[PROVIDED INFORMATION]

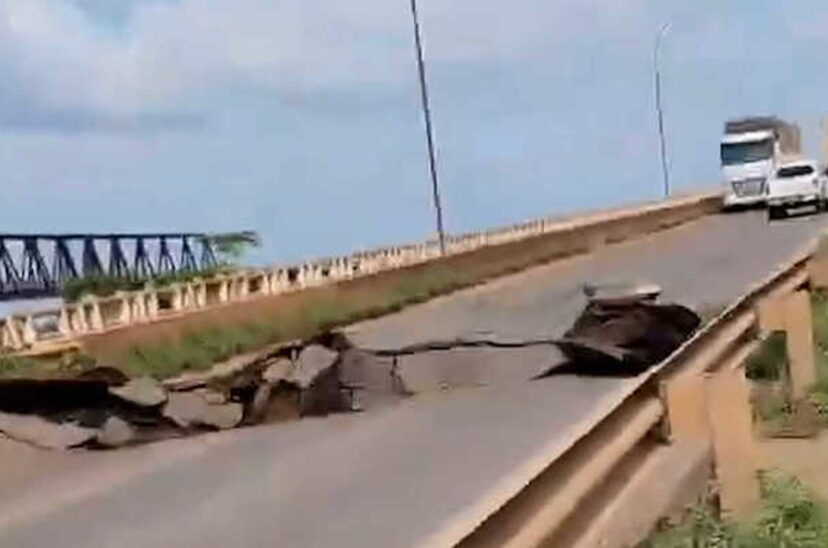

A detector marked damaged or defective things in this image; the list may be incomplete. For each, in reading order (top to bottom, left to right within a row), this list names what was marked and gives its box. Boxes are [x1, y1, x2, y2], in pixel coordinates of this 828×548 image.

broken concrete slab [110, 378, 168, 408]
rusty metal rail [456, 239, 824, 544]
broken concrete slab [161, 392, 209, 430]
broken concrete slab [202, 400, 244, 430]
broken concrete slab [0, 416, 98, 450]
broken concrete slab [98, 418, 137, 448]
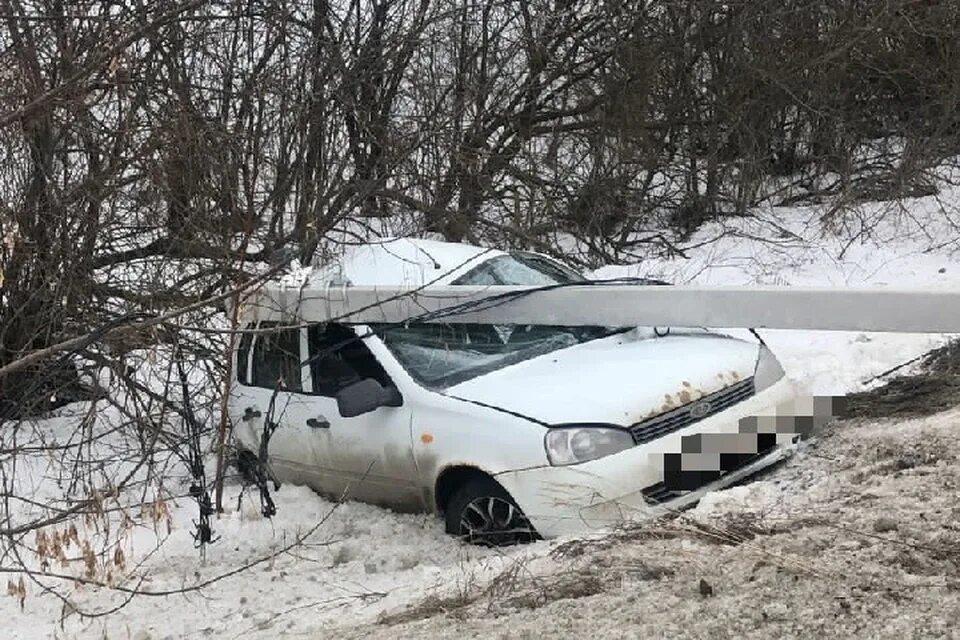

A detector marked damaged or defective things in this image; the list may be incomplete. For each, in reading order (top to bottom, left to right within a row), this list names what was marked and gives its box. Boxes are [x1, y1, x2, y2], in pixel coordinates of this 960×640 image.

crashed car [229, 239, 800, 544]
damaged front bumper [496, 378, 824, 536]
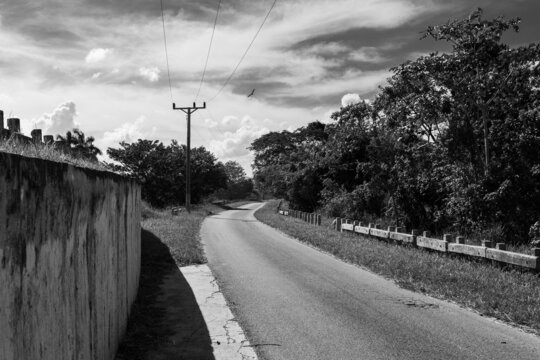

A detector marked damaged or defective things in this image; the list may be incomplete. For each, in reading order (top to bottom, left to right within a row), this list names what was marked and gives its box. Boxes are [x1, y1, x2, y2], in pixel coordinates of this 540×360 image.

cracked road surface [200, 202, 540, 360]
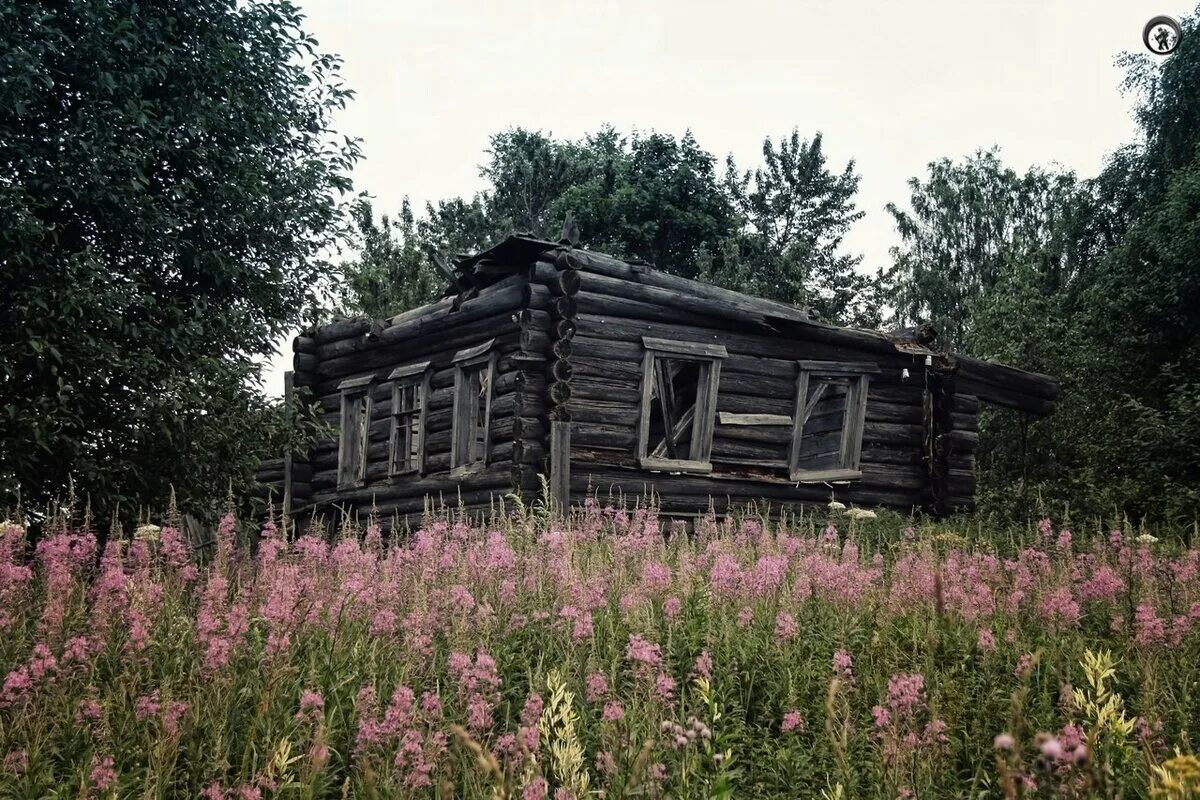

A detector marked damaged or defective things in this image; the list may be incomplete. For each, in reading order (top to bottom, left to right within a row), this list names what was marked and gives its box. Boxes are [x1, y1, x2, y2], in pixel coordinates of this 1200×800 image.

[/PROVIDED INFORMATION]

PROBLEM STATEMENT:
Leaving the pictures aside, repeat the data above exactly.

ANSWER AREA:
A detector marked damaged or defective things in this image; the list may be incomplete. For each, in reading order (top to bottom, left to right within a row), this list names what was marked and gives its box. Boxes are [x1, y1, x2, y2], in pixel coordinates of this 828×548 image.

broken concrete slab [110, 378, 168, 408]
rusty metal rail [456, 239, 824, 544]
broken concrete slab [161, 392, 209, 430]
broken concrete slab [202, 400, 244, 430]
broken concrete slab [0, 416, 98, 450]
broken concrete slab [98, 418, 137, 448]

A detector marked damaged or defective things in this image; the list may be incomplete. For each, in reading order (top to bottom, left to right within a row), this list names what was marked and gives its box. Boxes are [x1, y1, x2, y2], in pixel coordinates of this 960×640 image.

crashed car [229, 239, 800, 544]
damaged front bumper [496, 378, 824, 536]

A detector marked damaged or defective things in this image; the list may be incomplete. For each, in reading order (top to bottom, left to right within a row), this list names what was marked and gives its box. Boxes are [x1, y1, x2, y2], in pixel coordinates of this 540×360 image.

cracked road surface [200, 202, 540, 360]

A detector marked damaged or defective things in this image; the list may be incomplete. For each, in reading order (top to bottom, left to right within a row), this list names what was marked and gives its box. Boxes are [x1, y1, x2, y2], in pixel coordinates of this 1200×800 image.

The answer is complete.